Doch er ist nicht der einzige Große dieser rußgeschwärzten Welt, der in Essen residiert. Die mächtigsten Truste und Sydikate des Ruhrreviers haben ihre Zentralen in Essen, dem Mittelpunkt des rheinisch-westfälischen Industriegebietes, errichtet. Hier ist der Sitz der Ruhrgas AG, der Verkaufsvereinigung für Teererzeugnisse des Rheinisch-Westfälischen Kohlensyndikats, das die gesamte Ruhrkohle vertrustet hat. Der “Verein für bergbauliche Interessen", die großmächtige Arbeitgeberorganisation, sitzt in dieser Stadt. Auf den Schreibtischen ihrer superklugen und hochbezahlten Syndici werden die Schlachtpläne für die Generalangriffe gegen die Rechte der Arbeiter ausgearbeitet.

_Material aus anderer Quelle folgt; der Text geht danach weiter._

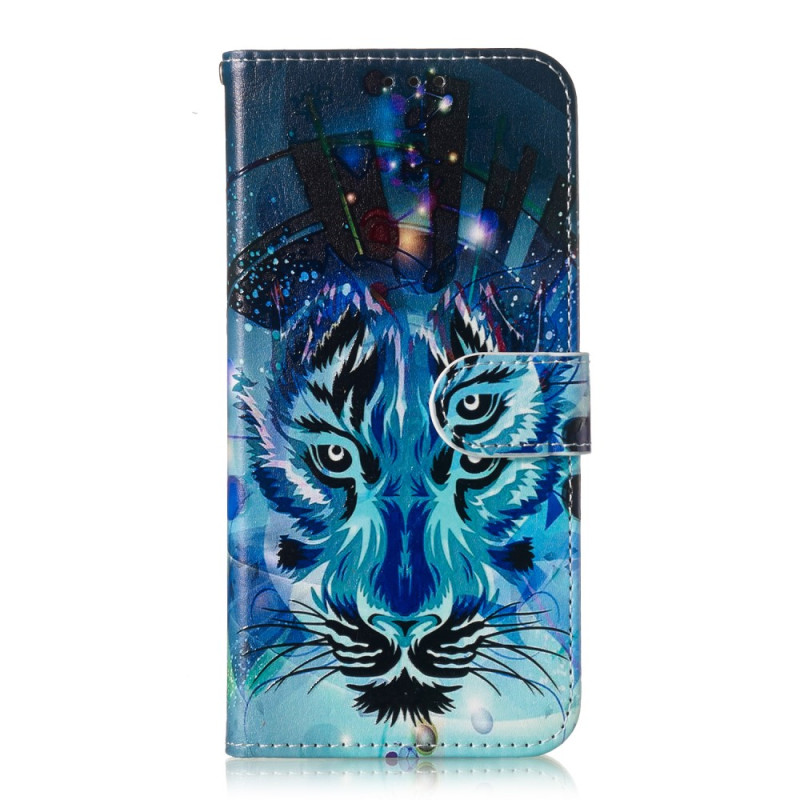 Samsung Galaxy S23 FE Hülle Der Tiger mit Riemen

Im Ruhrgebiet ist das Kapital so stark konzentriert, daß 1929 auf sechs von 5244 Betrieben allein 65 Prozent Produktion entfielen; etwa 60 % der Bevölkerung leben von ihrer Beschäftigung in der Industrie, im Bergbau und in der Eisen- und Metallgewinnung, das heißt in direkter Abhängigkeit von jenen wenigen mächtigen Direktoren und Aktionärsgruppen. Wie erfüllen die “schaffenden Kapitalisten” im Hauptindustriegebiet Deutschlands ihre Pflicht als Arbeit- und Brotgeber von Millionen?"
Nun, wir Senioren wissen, zum Teil aus eigener Anschauung, wie es weiterging nach den dreißiger Jahren bis heute, wir wissen, was mit der Familie Krupp geschah.
Seit damals sind Veränderungen eingetreten.
Aber - wie hat Anjeli geschrieben: "Die Ziele (Anmerkung: der Besitzenden, der Kapaitalseigner) haben sich nicht verändert."
Jawohl, gestern wie heute ging und geht es da um Gewinnmaximierung.
Liebe Anjeli, ich hoffe und wünsche sehr, dass wir uns nicht auf dem (Rück)-Weg in die Vergangenheit befinden. Dafür lohnt es sich auch heute noch zu kämpfen.
Somit sind auch die Arbeitnehmerorganisationen noch von ebenso großer Bedeutung wie vor fünfzig und mehr Jahren.